In this paper, the performance of NASNet in other visual tasks was studied, and NASNet was tested on COCO training set as the trunk of FtP-RCNN. Compared with the mobile network, the mAP reaches 29.6%, an improvement of 5.1%. With the best NASNet, the mAP is 43.1%mAP, a 4.0%mAP improvement. The results show that NASNet can provide richer and more general features, and thus perform well in other visual tasks

Efficiency of architecture search methods

This paper compares the performance of network search methods, mainly reinforcement learning method (RL) and random search method (RS). For the best networks, the accuracy of RL search is 1% higher than that of RS overall, while for the overall performance (such as top-5 and top-25), the two methods are close.
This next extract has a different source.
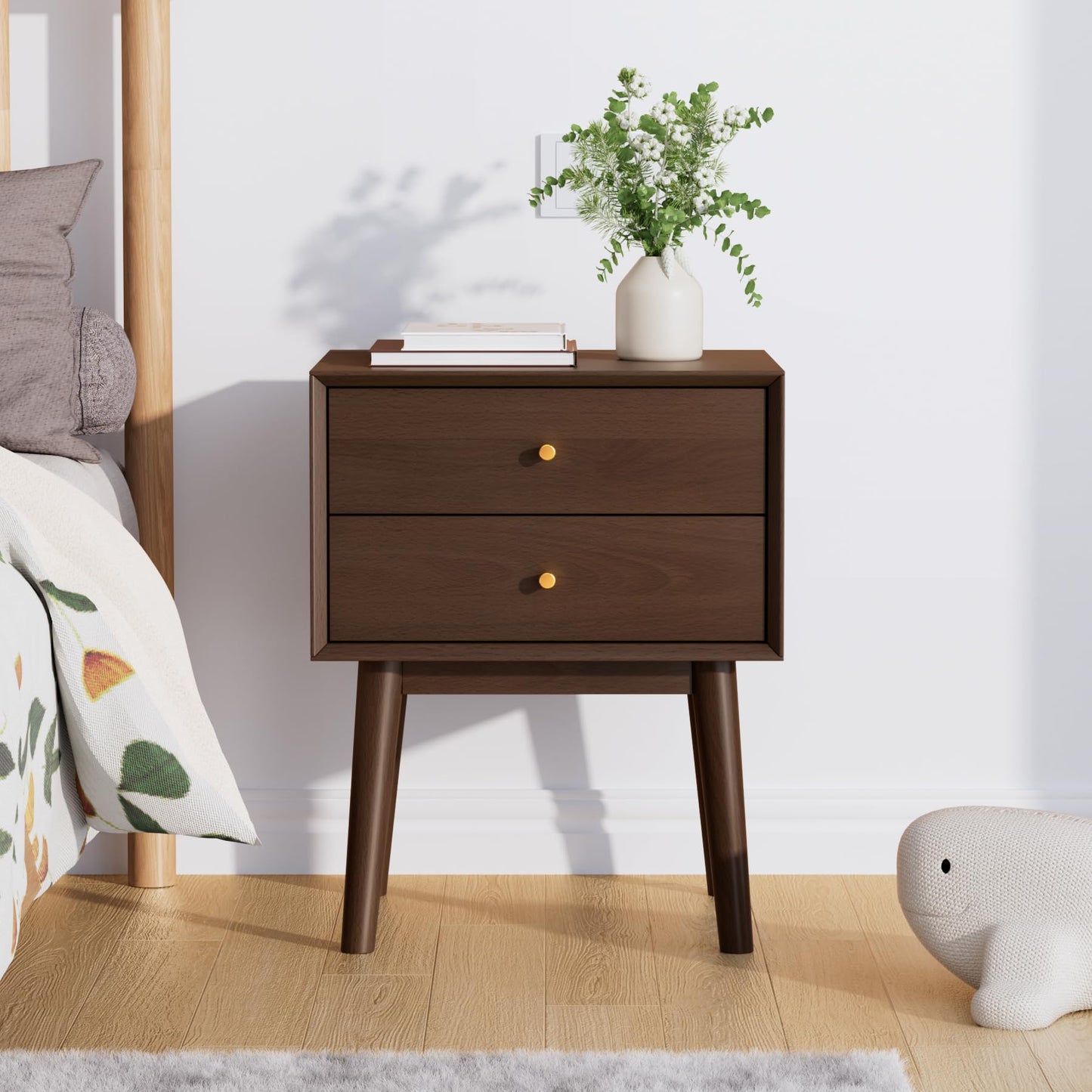 SANXIANHM Mid Century Modern Nightstand, 2 Drawers, Solid Wood Night Stand, Espresso Colored End Table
Therefore, the paper considers that although RS is a feasible search strategy, RL performs better in NASNet search space

CONCLUSION


Based on the previous research on neural network architecture search using reinforcement learning, the paper transformed the search space from the whole network to the convolution unit (cell), and then stacked into a new network NASNet according to the setting. Not only reduces the complexity of the search, accelerate the search process, from the original down to four days, 28 days and the structure of the search out has the scalability, respectively in the small model and big scenarios can use less quantity and amount of calculation to surpass the human design model, achieve SOTA in addition, due to the clever design of the search space and model structure, In this way, the structure learned from small data sets can be transferred to large data sets, and the universality is better. And the performance of this network in the field of target detection is also quite good

   

Appendix NASNet-B & NASNet-C

There are two other structures in the paper, NASNET-B and NASNET-C, whose search space and methods are somewhat different from NASNET-A. If you are interested, please refer to Appendix of the original text





If this article is helpful to you, please click a like or watch it. For more content, please follow the wechat public account.